In this notebook we introduce the reader to basic stochastic volatility models and we discuss their estimation through Continuous Sequential Importance Resampling. The code has been developed in R and C. We use a synthetic dataset to discuss the implementation and the performance of CSIR for stochastic volatility models estimation.
Let $y_t$ being the stock return at time $t$ and $\sigma_t$ being its standard deviation. Consider the following discrete time Stochastic Volatility Model:
$$ \begin{aligned} &\text{log}(\sigma_t^2) = \phi_0 + \phi_1 \text{log}(\sigma_{t-1}^2) + \eta_t \\ &y_t = \sigma_t z_t \end{aligned} $$with $z_t \sim \mathcal{N}(0,1)$ and $\eta_t \sim \mathcal{N}(0, \tau^2)$, with $\tau > 0$ and $|\phi_1| < 1$ in order to ensure that the volatility follows a stationary process.
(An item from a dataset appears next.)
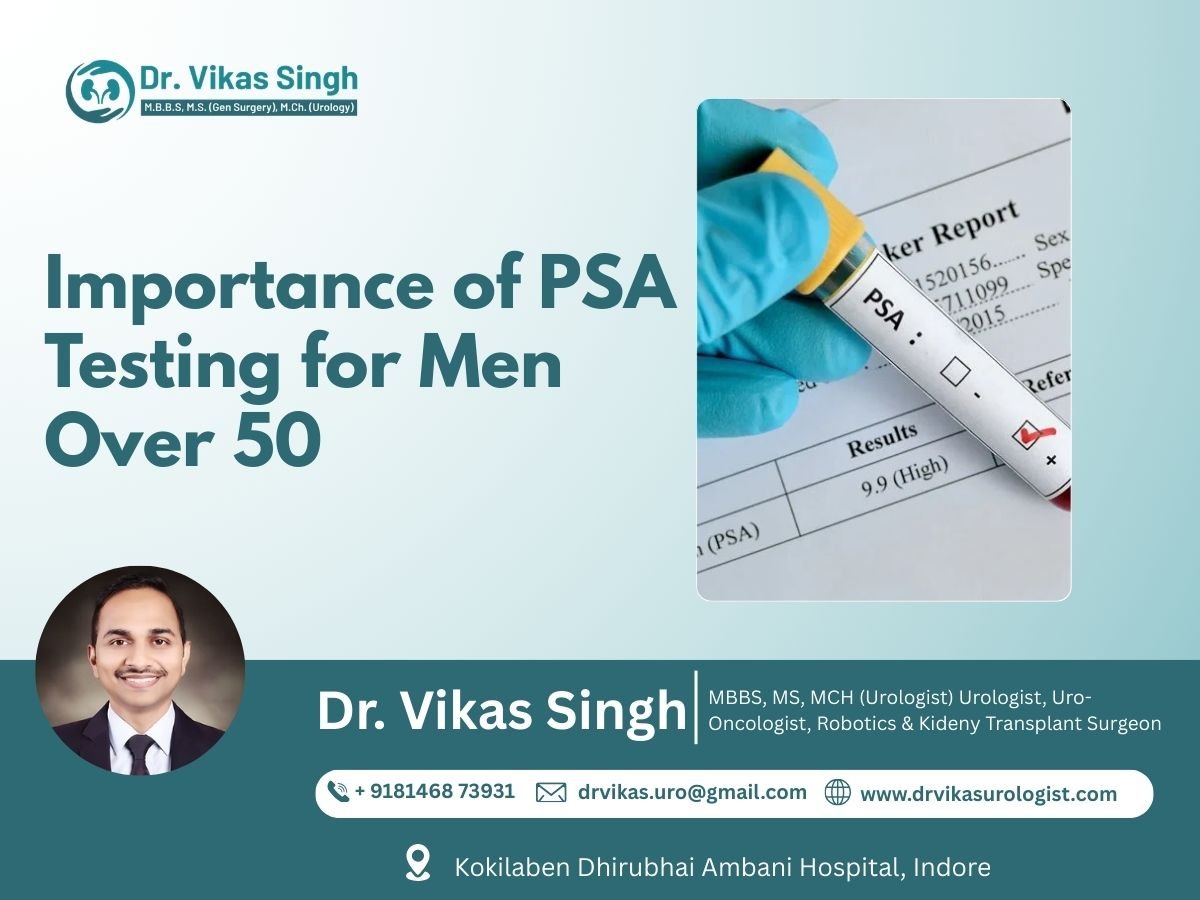 PSA Testing for Men Over 50 in Indore for Early Prostate Cancer Detection by Urologist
Intuitively, the volatility process is modeled as a latent process where $\text{log}(\sigma_t^2)$ follows an AR(1) process. In the next chunk we simulate the process. Over the notebook we will keep working with these simulated data. For sake of brevity we define $\alpha_t = \text{log}(\sigma_t^2)$ and $\theta = (\phi_0, \phi_1, \tau)$ being the vector of parameters.
# house cleaning
rm(list=ls())
save.plots <- FALSE
set.seed(1234, kind = NULL, normal.kind = NULL)
library(fanplot)
## We simulate the data:
## we set phi_0 = 0.05, phi = 0.98, tau = 0.02
T <- 1000; const <- 0.05; phi <- 0.98; tau2 <- 0.02
theta <- c(const, phi, tau2)
## Function to simulate the data (available in the source code sv_sim.R)
#Input 1: theta - parameter vector (bias, AR coefficient, error variance)
#Input 2: T - size of time series
#Output: retDF - simulated returns (y) and volatility (alpha)
sv_sim <- function(theta, T) {
const <- theta[1] # intercept/constant/bias
phi <- theta[2] # autocorrelation coefficient phi
tau2 <- theta[3] # normal error with tau2 variance
alpha <- rep(0,T) # placeholder volatility
y <- rep(0,T) # placeholder returns
eta <- rnorm(T, 0, sqrt(tau2)) # error of AR(1) volatility model
z <- rnorm(T, 0, 1) # multiplicative term return model
alpha[1] <- const # no autocorrelated observation in starting period
y[1] <- z[1] * exp(alpha[1]/2)
for (t in 2:T) {
alpha[t] <- const + phi*(alpha[t-1]) + eta[t]
y[t] <- z[t]*exp(alpha[t]/2)
}
retDF = data.frame(alpha, y)
return(retDF)
}
# simulate time series
sim_df <- sv_sim(theta, T)
y <- sim_df$y
alpha <- sim_df$alpha
# plot time series with 95% confidence interval
if(save.plots) pdf("../images/ts_returns.pdf")
par(mfrow=c(2,1))
plot(y, type="l", main ="Simulated Returns")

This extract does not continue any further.